When I went to its launch, I was skeptical, not only because its location is right in the heart of a mall, a place that represents big capital. But it turns out that part of that mall, the Nelson Mandela Square is owned and run by one of the Liberty Standard bank group’s subsidiaries. And so, it makes business sense for one to have the Lab located there.

However, after going back there on Monday, August 18, having been invited to what was billed invitation to “The Standard Bank Art Lab for an intimate live screening of Nduduzo Makhathini’s NPR Tiny Desk performance, Ntu Sonicities: Devotion Suite in Five Movements, that gave me another perspective about what the bank is trying to do. I have in fact shifted my thinking around what they are trying to do. In fact, it looks like a really good idea.

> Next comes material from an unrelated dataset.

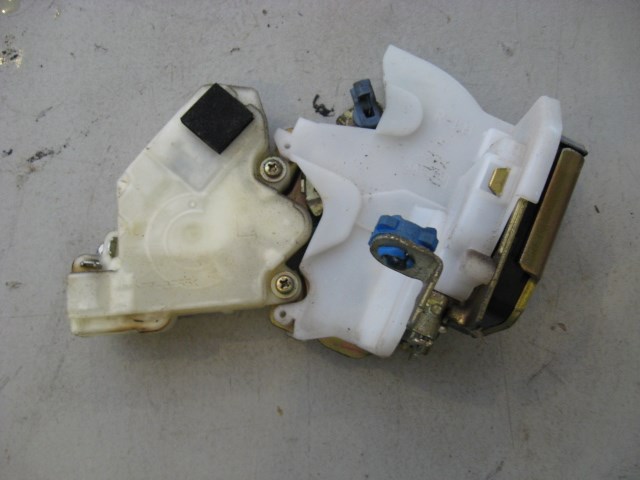 02 Subaru IMPREZA RS Rear LH Door Lock Actuator  R7761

This looks like another way of engaging with art, the broad arts community besides visual artists, art audiences as well as of course the bank’s clients. For example, besides enjoying the screening, which interesting painted a portrait of the jazzman, Makhathini in a totally different light from what we are used to during his concerts, was quite revealing.

The performance was intimated, showing not only the high-level artistry of the award-winning jazzman, but his vulnerability as a mere human being contemplating and grappling with his spirituality as a black man in a black body, which exists in a n environment where in the world its presence is constantly being questioned by the loud and highly visible. It was n interesting discussion indeed well moderated by Kaya FM jazz show host Brenda Sisane. The conversation between the two flowed easily, almost organically, without each side trying hard to get the best from each other.

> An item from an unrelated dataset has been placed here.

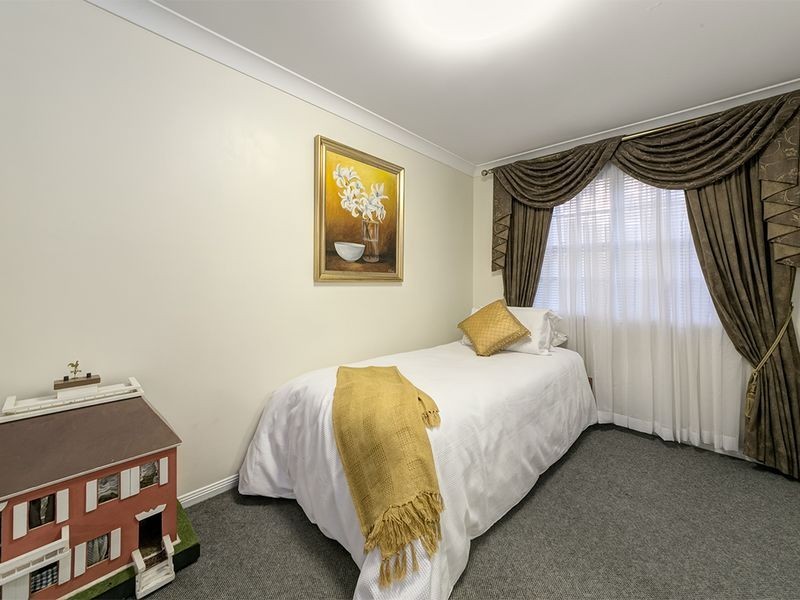 110 King Arthur Terrace, Tennyson QLD 4105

Makhathini shared his stories of first how the people behind the screening had been following him, whenever he traveled the world to perform, recording his shows, while requesting him to do this particular recording.

“However, when I was shown what they had done with Adullah Ibrahim, I relented because they had done a pretty good job with the master himself. That was important to me. That changed everything,” he explained.

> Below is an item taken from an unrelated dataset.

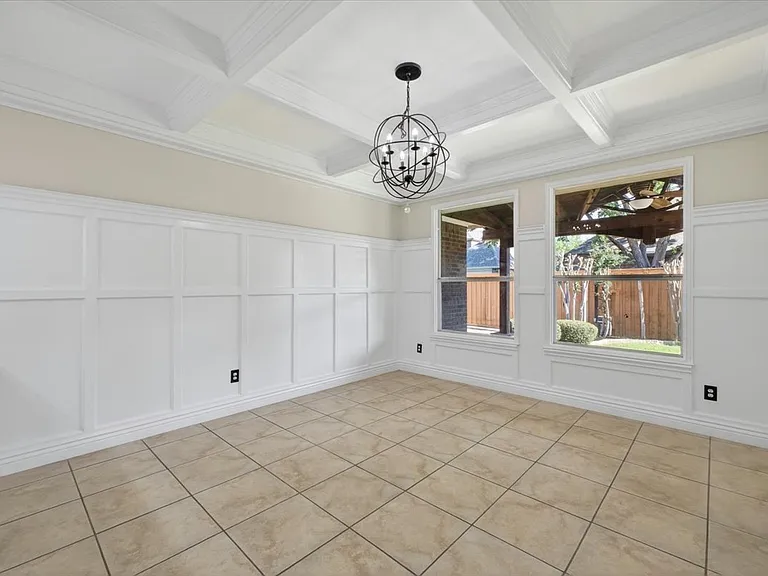 14668 Blakehill Dr — Photo 35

Makhathini, who is known for his humility on and off stage, also shared an experience he had being on controversial podcast Mac G’s Podcast and Chill, and how he actually saw anything wrong with a person of his profile in jazz being on that platform.

”Of course, after going there, I received criticism from my scholarly circles, with some feeling that I should not have been there as what we do is different. And of course, in jazz circles, there has always been that sense of being exclusive as what we do is see as the other.

But personally, I do not see anything wrong with sharing what we do with others,” he commented while confessing that he enjoyed also watching Mbuso Khoza another high-profile musician’s interview on the same platform.

Mac G’s platform often gets criticized for what others see as the use of sexually explicit language and objectifying women. It however has a huge following especially among the youth as they see it as speaking their language unfiltered.

Makhathini advocated for the use of social media to by artists to promote their work, drawing from his own experience in the past 10 years since he won the Standard bank Young Artist award for Jazz, an event that propelled the hugely gifted pianist’s career to another level. He thanked the Standard Bank for handling his social media handles successfully.

Today the jazzman is one of the busiest artists, whose get fully booked both locally and around the world. In fact, it would not be an exaggeration to say that Makhathini’s is the hottest property when in South Africa, and certainly one of the much-admired jazzman from South Africa around the world.

And so, the discussion was great, and the Standard Bank Lab, might be the one thing that the arts community around Johannesburg needs right now as it appears to be emerging as one of the most innovative ways of connecting the audiences with the broader arts community, such as musicians, fashion designers, poets and of course visual artists with audiences in an intimate environment.

I therefore today withdraw my initial reservation about this initiative.